We want to use the `Ash`, `Alcalinity of ash`, and `Magnesium` columns in the wine dataset to train a linear model, but it's possible that these columns are all measured in different ways, which would bias a linear model. Using `describe()` to return descriptive statistics about this dataset, which of the following statements are true about the scale of data in these columns?

**Possible Answers**

1. The max of `Ash` is 3.23, the max of `Alcalinity of ash` is 30, and the max of `Magnesium` is 162.
2. The means of `Ash` and `Alcalinity of ash` are less than 20, while the mean of `Magnesium` is greater than 90.
3. The standard deviations of `Ash` and `Alcalinity of ash` are equal.
4. 1 and 2 are true

In [None]:
utils.wine.describe()

### Scaling data - standardizing columns

Since we know that the `Ash`, `Alcalinity of ash`, and `Magnesium` columns in the wine dataset are all on different scales, let's standardize them in a way that allows for use in a linear model.

In [None]:
# Import StandardScaler from scikit-learn
from sklearn.preprocessing import StandardScaler

In [None]:
# Create the scaler
ss = StandardScaler()

In [None]:
# Take a subset of the DataFrame we want to scale 
wine_subset = utils.wine[['Ash', 'Alcalinity of ash', 'Magnesium']]

In [None]:
# Apply the scaler to the DataFrame subset
wine_subset_scaled = ss.fit_transform(wine_subset)

In [None]:
pd.DataFrame(wine_subset_scaled, columns=['Ash', 'Alcalinity of ash', 'Magnesium']).describe()

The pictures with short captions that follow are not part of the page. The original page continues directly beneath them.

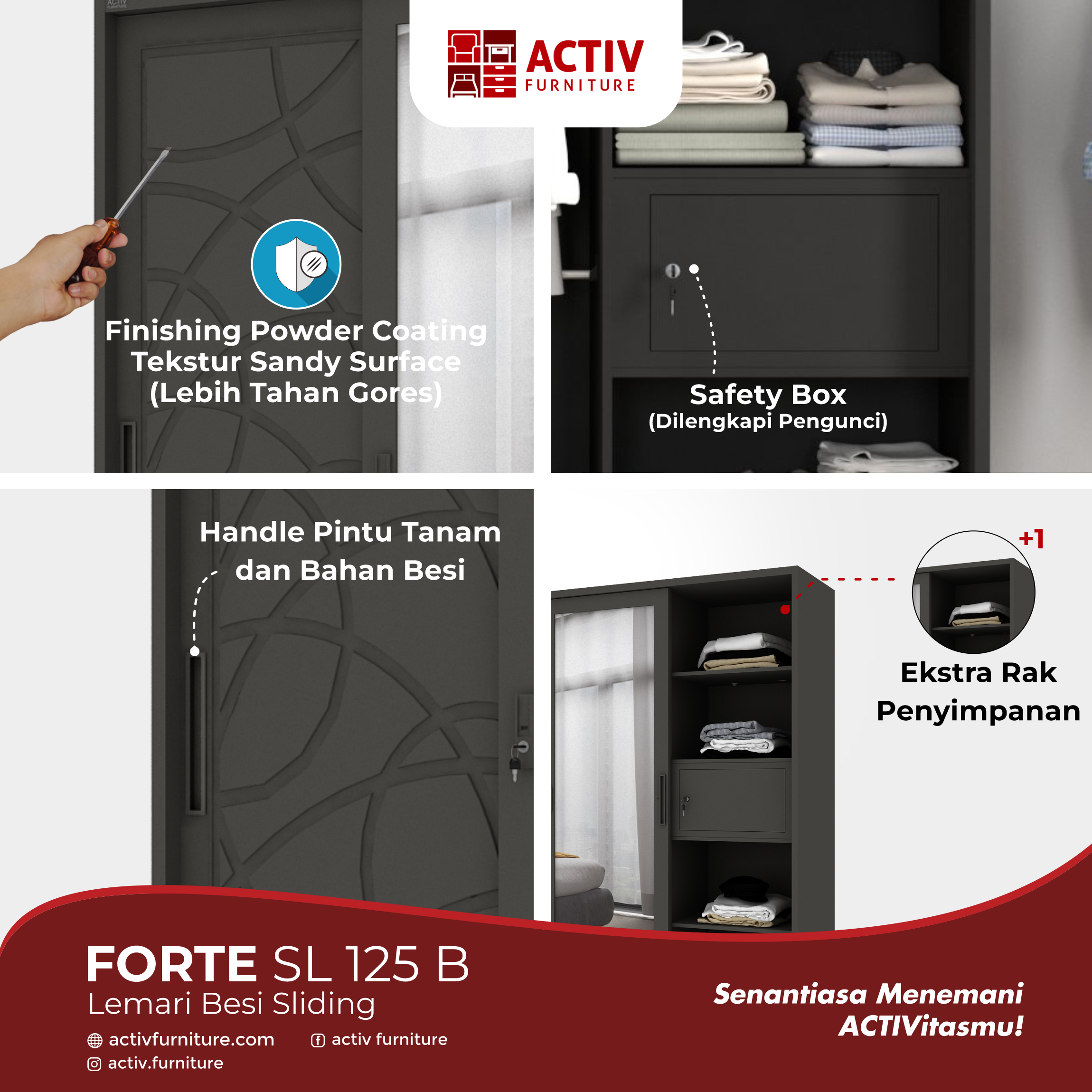 4. Forte SL 125 B_Dark Grey_Lemari Pakaian_Lemari Besi_Lemari Sliding_Ruang Kamar_Cover_Activ Furniture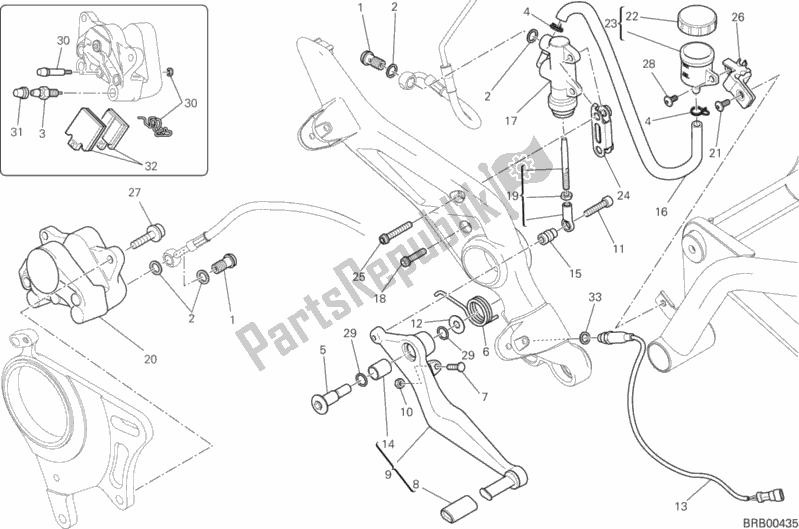 Alle onderdelen voor de Achter Remsysteem van de Ducati Hypermotard Hyperstrada 821 2013
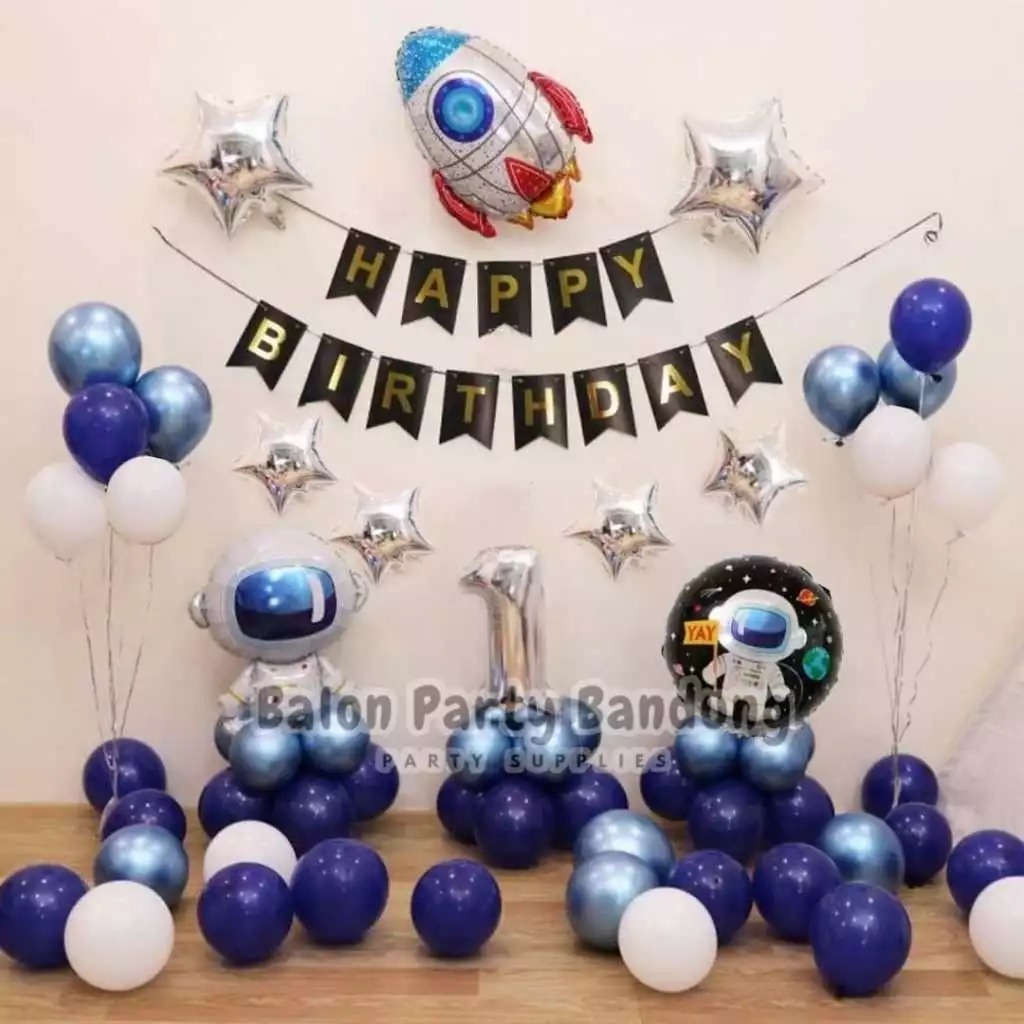 BALON PARTY Paket Dekorasi Balon Ulang Tahun Astronot Roket (Galaxy 2) / Ultah Anak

In scikit-learn, running `fit_transform` during preprocessing will both fit the method to the data as well as transform the data in a single step.

## Standardized data and modeling

### KNN on non-scaled data

Let's first take a look at the accuracy of a K-nearest neighbors model on the `wine` dataset without standardizing the data.

In [None]:
X = utils.wine.drop(['Type', 'Proline_log'], axis=1)
y = utils.wine['Type']

In [None]:
# Split the dataset and labels into training and test sets
X_train, X_test, y_train, y_test = train_test_split(X,y, stratify=y, random_state=42)

In [None]:
# Fit the k-nearest neighbors model to the training data
knn.fit(X_train, y_train)

In [None]:
# Score the model on the test data
print(knn.score(X_test, y_test))

### KNN on scaled data

The accuracy score on the unscaled `wine` dataset was decent, but we can likely do better if we scale the dataset. The process is mostly the same as the previous example, with the added step of scaling the data.

In [None]:
# Create the scaling method.
ss = StandardScaler()

In [None]:
# Apply the scaling method to the dataset used for modeling.
X_scaled = ss.fit_transform(X)
X_train, X_test, y_train, y_test = train_test_split(X_scaled, y, stratify=y, random_state=42)

In [None]:
# Fit the k-nearest neighbors model to the training data
knn.fit(X_train, y_train)

In [None]:
# Score the model on the test data
print(knn.score(X_test, y_test))

The increase in accuracy is worth the extra step of scaling the dataset.

# Feature Engineering

In this section we'll learn about feature engineering. We'll explore different ways to create new, more useful, features from the ones already in the dataset. We'll see how to encode, aggregate, and extract information from both numerical and textual features.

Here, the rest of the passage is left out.